* Exercise aim:
Pictures are to be left out, and only the lines below starting at the one with "Bachelorette voor beste" and ending at the one with "Remove Your Shoes" are to be reproduced, each exactly, both ends included.
◇ ◇ ◇ ◇ ◇
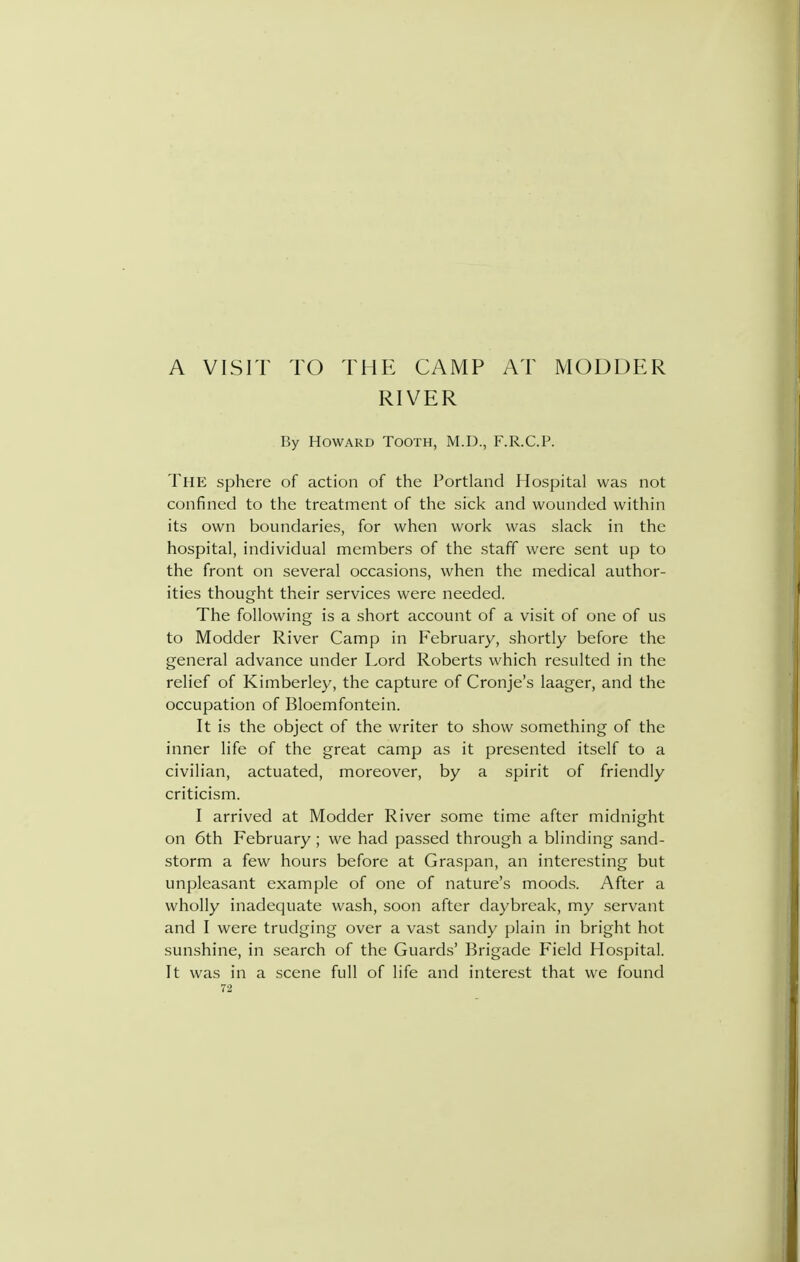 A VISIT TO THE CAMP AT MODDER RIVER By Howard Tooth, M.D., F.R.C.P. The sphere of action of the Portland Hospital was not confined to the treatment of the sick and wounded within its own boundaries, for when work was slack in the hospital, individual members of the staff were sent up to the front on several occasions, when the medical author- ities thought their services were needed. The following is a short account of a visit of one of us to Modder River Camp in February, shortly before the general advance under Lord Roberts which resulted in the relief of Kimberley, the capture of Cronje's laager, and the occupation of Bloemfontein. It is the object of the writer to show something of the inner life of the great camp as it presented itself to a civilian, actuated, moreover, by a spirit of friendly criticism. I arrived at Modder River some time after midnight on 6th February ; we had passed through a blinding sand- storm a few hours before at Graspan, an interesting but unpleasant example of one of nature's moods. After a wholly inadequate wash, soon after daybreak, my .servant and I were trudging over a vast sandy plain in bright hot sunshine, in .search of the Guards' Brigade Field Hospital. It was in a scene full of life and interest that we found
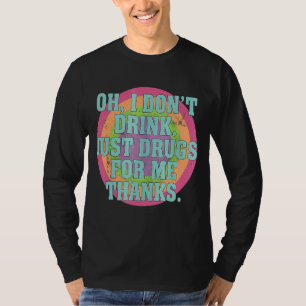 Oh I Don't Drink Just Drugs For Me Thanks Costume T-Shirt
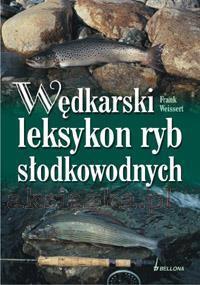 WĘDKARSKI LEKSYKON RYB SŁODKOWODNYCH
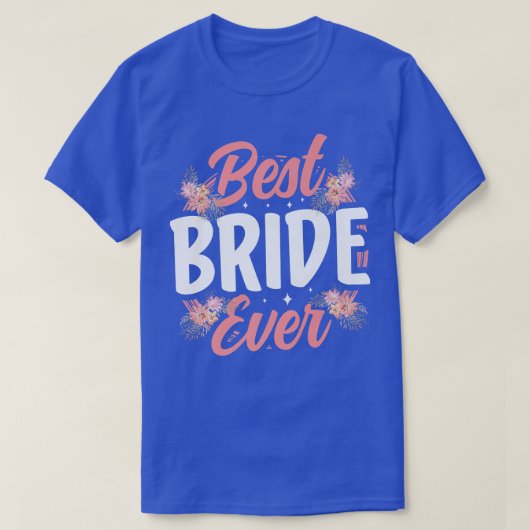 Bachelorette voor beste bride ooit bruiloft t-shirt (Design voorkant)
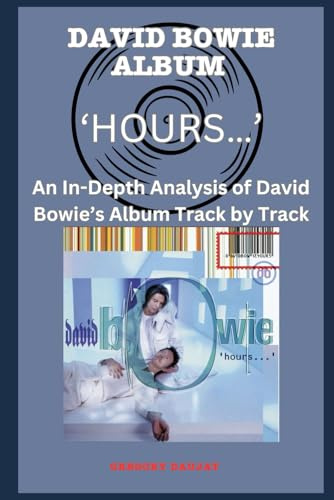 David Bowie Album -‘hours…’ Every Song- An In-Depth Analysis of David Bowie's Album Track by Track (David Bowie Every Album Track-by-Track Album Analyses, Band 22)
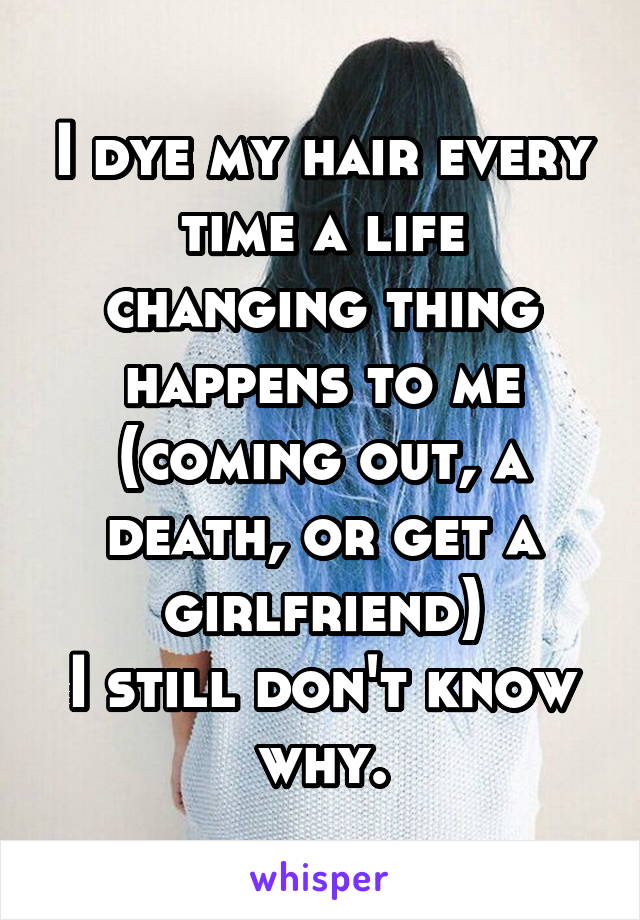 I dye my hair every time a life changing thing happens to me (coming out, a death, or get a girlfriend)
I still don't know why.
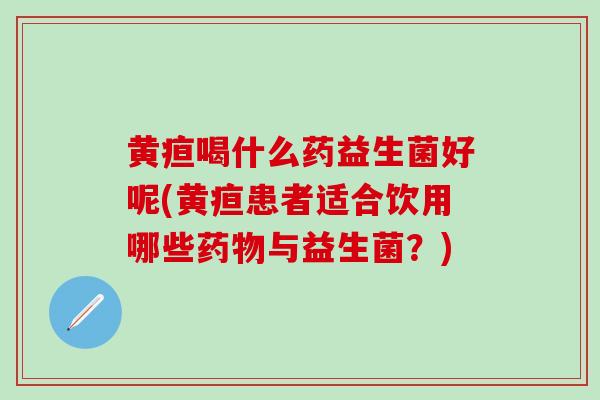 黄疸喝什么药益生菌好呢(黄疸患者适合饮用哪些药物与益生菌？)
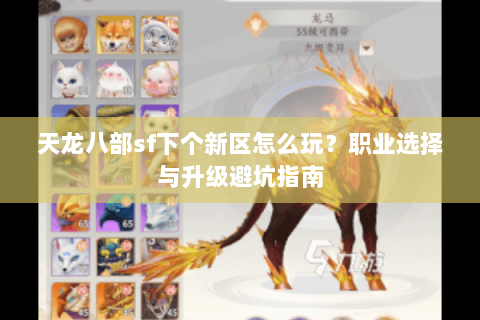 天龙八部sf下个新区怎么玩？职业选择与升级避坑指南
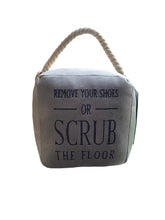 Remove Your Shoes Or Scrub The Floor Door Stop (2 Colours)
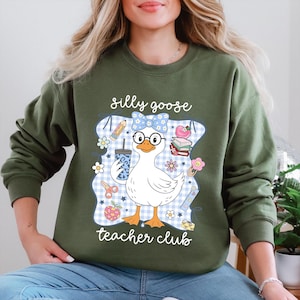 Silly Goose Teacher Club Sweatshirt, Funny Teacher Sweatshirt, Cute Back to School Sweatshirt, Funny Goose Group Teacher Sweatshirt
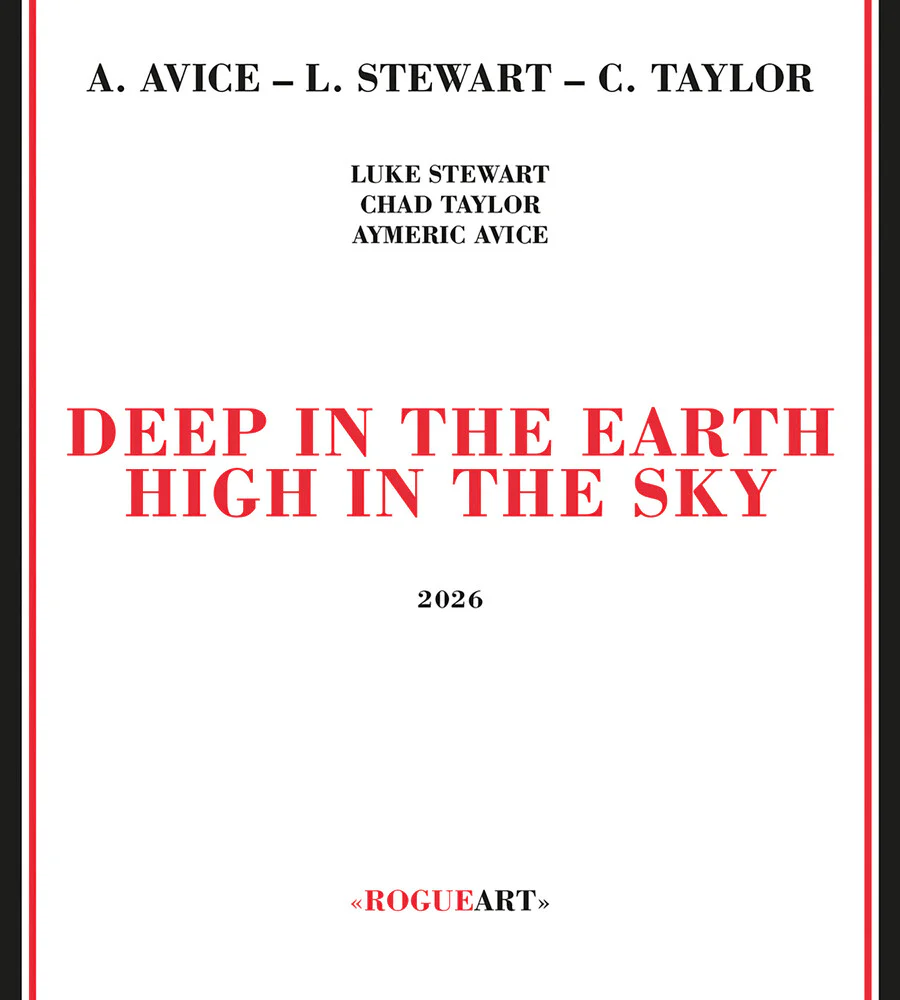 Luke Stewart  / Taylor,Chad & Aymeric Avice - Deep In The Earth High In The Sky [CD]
◇ ◇ ◇ ◇ ◇
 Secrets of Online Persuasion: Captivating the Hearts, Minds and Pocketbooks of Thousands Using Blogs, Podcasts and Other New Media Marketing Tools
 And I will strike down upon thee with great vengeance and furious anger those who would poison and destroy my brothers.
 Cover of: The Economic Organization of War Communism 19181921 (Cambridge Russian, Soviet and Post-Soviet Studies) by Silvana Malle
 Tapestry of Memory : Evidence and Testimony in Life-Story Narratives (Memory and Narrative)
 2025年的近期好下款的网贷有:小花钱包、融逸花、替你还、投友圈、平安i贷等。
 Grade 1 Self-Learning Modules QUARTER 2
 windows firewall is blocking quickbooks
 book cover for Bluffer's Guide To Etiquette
◇ ◇ ◇ ◇ ◇
* Answer:
 Bachelorette voor beste bride ooit bruiloft t-shirt (Design voorkant)
 David Bowie Album -‘hours…’ Every Song- An In-Depth Analysis of David Bowie's Album Track by Track (David Bowie Every Album Track-by-Track Album Analyses, Band 22)
 I dye my hair every time a life changing thing happens to me (coming out, a death, or get a girlfriend)
I still don't know why.
 黄疸喝什么药益生菌好呢(黄疸患者适合饮用哪些药物与益生菌？)
 天龙八部sf下个新区怎么玩？职业选择与升级避坑指南
 Remove Your Shoes Or Scrub The Floor Door Stop (2 Colours)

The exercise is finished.